• **The problem**
Without including any pictures, retype exactly the lines from the top of the records through the line containing "Durchlauferhitzer Wasserhahn, 3000W", that final line included.

(Dataset content begins)

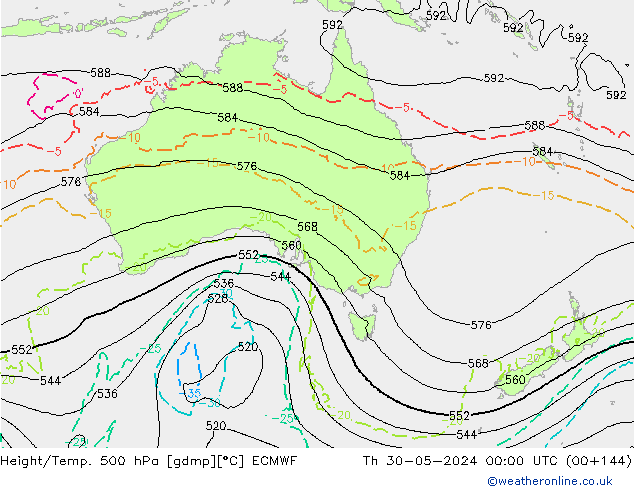 Z500/Rain (+SLP)/Z850 ECMWF Qui 30.05.2024 00 UTC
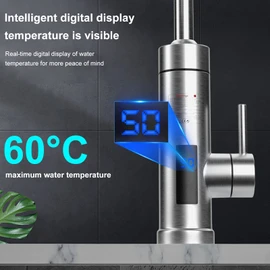 Durchlauferhitzer Wasserhahn, 3000W 220V Elektrischer Wasserhahn 360° Drehbarer LED Küche Armatur Heißwasserhahn Warmwasserhahn Mischbatterie Elektrische Edelstahl für Garten Bad Wohnwagen Camping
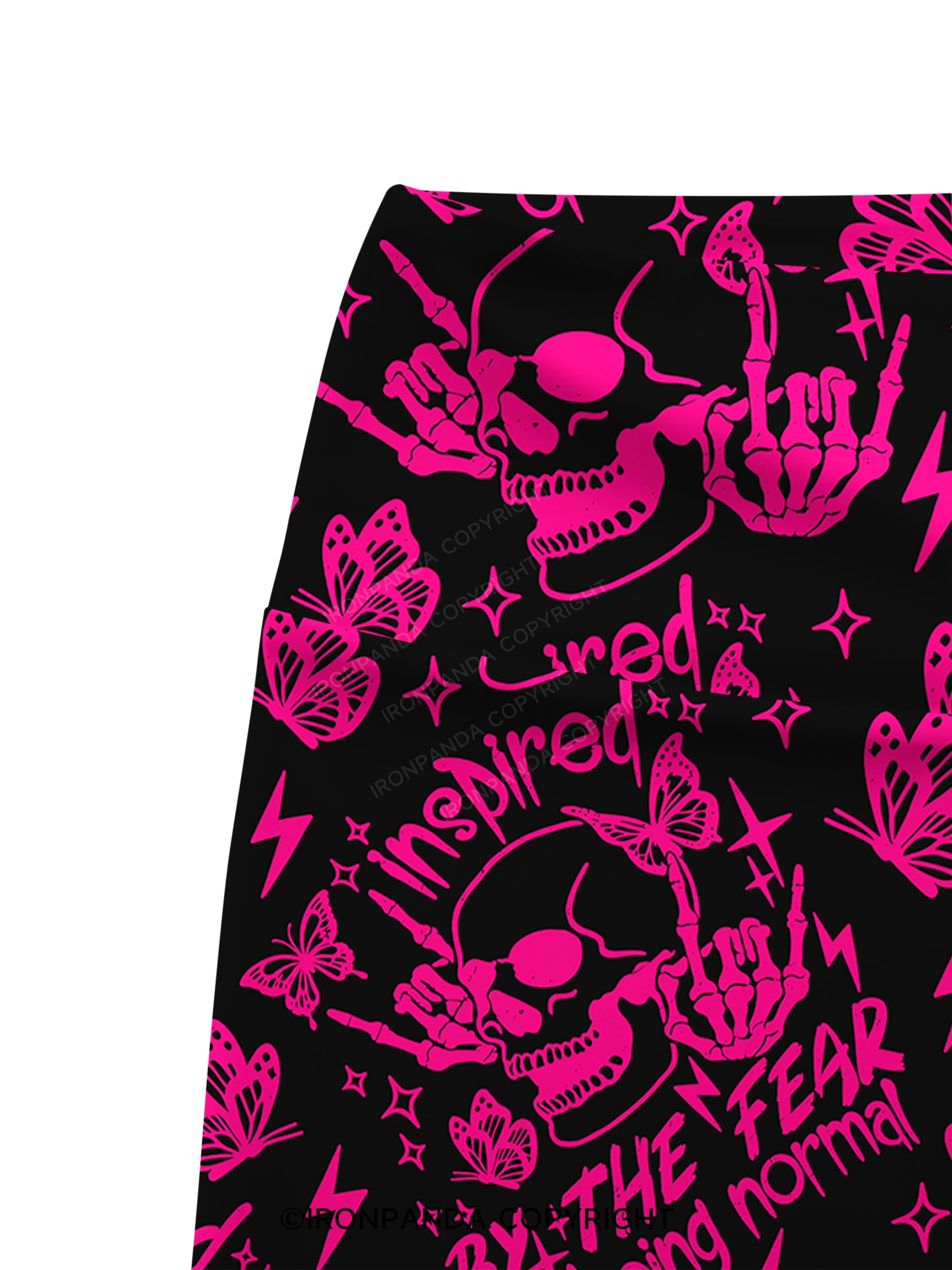 INSPIRED BY THE FEAR OF BEING NORMAL SKELETON Printed Yoga Cycling Shorts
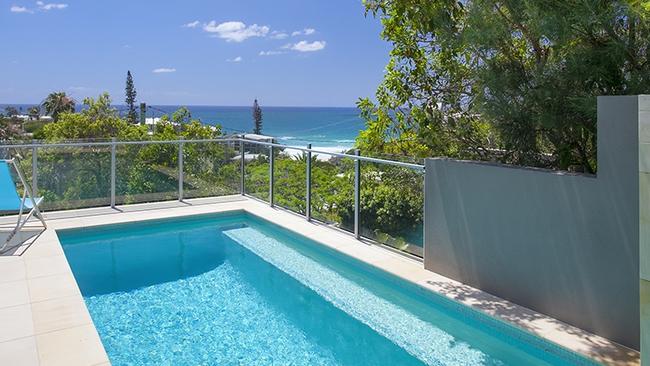 Care for a swim .... the pool at Karl Stefanovic and Jasmine’s house in Sunshine Beach.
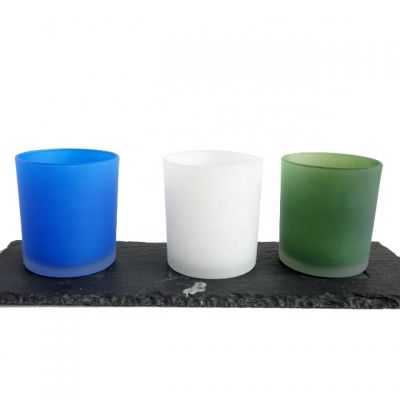Wholesale empty 200ml blue white green frosted color small candle jars for Christmas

(Dataset content ends)

• **Output below**
 Z500/Rain (+SLP)/Z850 ECMWF Qui 30.05.2024 00 UTC
 Durchlauferhitzer Wasserhahn, 3000W 220V Elektrischer Wasserhahn 360° Drehbarer LED Küche Armatur Heißwasserhahn Warmwasserhahn Mischbatterie Elektrische Edelstahl für Garten Bad Wohnwagen Camping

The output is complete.